HOW WOULD YOU DEFINE A “GOOD LIFE”?
It’s a philosophy that I've lived with for quite some time. It’s about pursuing what makes me happy. Because too often you get caught up in convention and you are never challenged. Good life is about daring to aim for what you want at the personal level. It's about maximising happiness and minimising resources usage. King Rama IX's sufficiency philosophy is inspiring. In terms of responsible consumption, the company can only do so much, we as individuals also need to think about it.
MAKING DO WITH LESS
- Organised by SustainableBrands.com, the “Sustainable Brands 2017” seminar aimed to show how innovation can change the shape of business, and with it, the world.
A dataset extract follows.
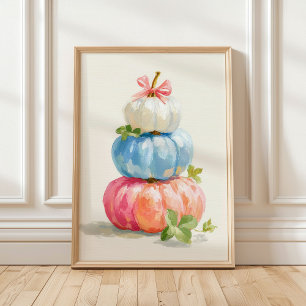Poster Pile de citrouilles pastel fantaisistes d'automne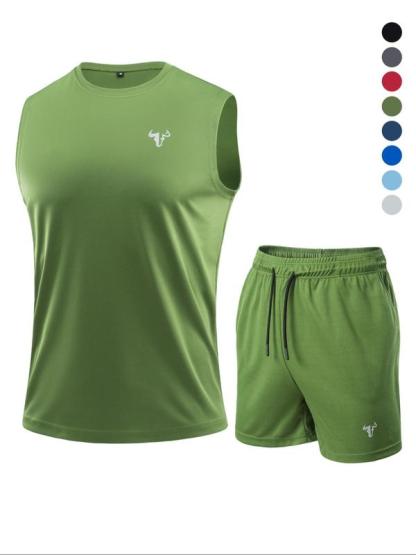 Conjunto deportivo de verano para hombre, paquete de 6 piezas, ropa deportiva ligera con compresión, camiseta de entrenamiento, top sin mangas reflectante, poliéster transpirable, ideal para gimnasio, correr, ciclismo, baloncesto y en casa, outfit activo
- Guest speakers included Khunying Puangroi Diskul Na Ayudhaya of the Mae Fah Luang Foundation, Pitpatpong Israsena Na Ayudhaya, chief executive oof Doi Kham,Yuthasak Supasorn, and Governor of the Tourism Authority of Thailand, Auttapol Rerkpiboon of PTT Group.
- Research conducted in June and July sampled 2,000 people aged between 15 and 65 and revealed that Thai people define “the good life” as happiness both inside and out. Thirty-seven per cent said good health was the most important, followed by a simple life (28 per cent), successful career path (22 per cent), family (21 per cent), own house (21 per cent) , and balanced life (19 per cent). Yet 68 per cent were unable to name products or services that responded to their good life, and 87 per cent pointed out that that they have power over manufacturers and can influence the production of goods and services.